Dr Erik Dippenaar

Organ and Harpsichord

In 2003 Erik Dippenaar obtained the degree BMus (cum laude) from Stellenbosch University, and was awarded a MMus (with distinction) by the Royal College of Music (RCM) in London in 2007, studying under Margaret Phillips (organ) and Robert Woolley (harpsichord). The following year he completed an Artist Diploma in Performance at the RCM under Jane Chapman (harpsichord) and Geoffrey Govier (fortepiano).  

As a student in South Africa, Erik won most of the important music competitions, including the ABSA National Youth Music Competition (2000), UNISA National Organ Competition (2001), Mabel Quick Bursary Competition (2001), ATKV Musiq Competition (2002), the organ category of Distell Music Competition (2002) and the Unisa Overseas Bursary competition (2003).

From 2005 to 2011 Erik was based in London, where he played in various important early music festivals such as the Greenwich Early Music Festival, the London Handel Festival, the Brighton Early Music Festival and the Trigonale Festival der Alten Musik. His primary activity was chamber music and he has performed regularly with Florilegium, The London Handel Players, l’Avventura London, Amaranthos and Spirituoso. He also worked with the English Touring Opera, the Little Baroque Company and Ensemble Serse on a regular basis.

While in Londen, Erik gave regular solo recitals, which included a recital for the British Harpsichord Society, as well as regular broadcasts for BBC Radio 3. In 2010, with Florilegium, he made his debut in the Concertgebouw in Amsterdam. Erik was one of the official accompanists for the annual London Handel Singing Competition, and in March 2008 he was awarded the competition’s Accompanist’s Prize. He won the RCM Early Music Competition twice, and was a member of the group Musici Infaticabili, who won the Broadwood Early Keyboard Ensemble Competition in Fenton House in May 2008. During 2008/2009 Erik was appointed as Mills/Williams Junior Fellow at the RCM, and he taught harpsichord at the Centre for Young Musicians in London.

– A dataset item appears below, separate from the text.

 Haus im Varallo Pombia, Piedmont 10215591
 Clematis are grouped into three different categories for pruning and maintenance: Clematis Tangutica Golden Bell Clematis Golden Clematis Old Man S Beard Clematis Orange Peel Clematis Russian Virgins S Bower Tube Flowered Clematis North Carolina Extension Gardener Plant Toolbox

Erik is currently Artistic Director of the Cape Town Baroque Orchestra (www.ctbaroque.co.za), Artistic Director of the annual Cape Town Baroque Festival, and a part-time lecturer in Western music history and historical performance practice at the University of Cape Town (UCT). Erik’s conducting highlights include the first South African period performance of Handel’s Messiah in 2013 (a reconstruction of the 1742 Dublin performance), as well as Cape Town Opera’s first production to use a period instrument orchestra: Monteverdi’s L’Orfeo in 2016.

Erik has recently been awarded a PhD in music by UCT, with a dissertation focussing on the role historical domestic keyboard instruments played in the colonisation process in Southern Africa.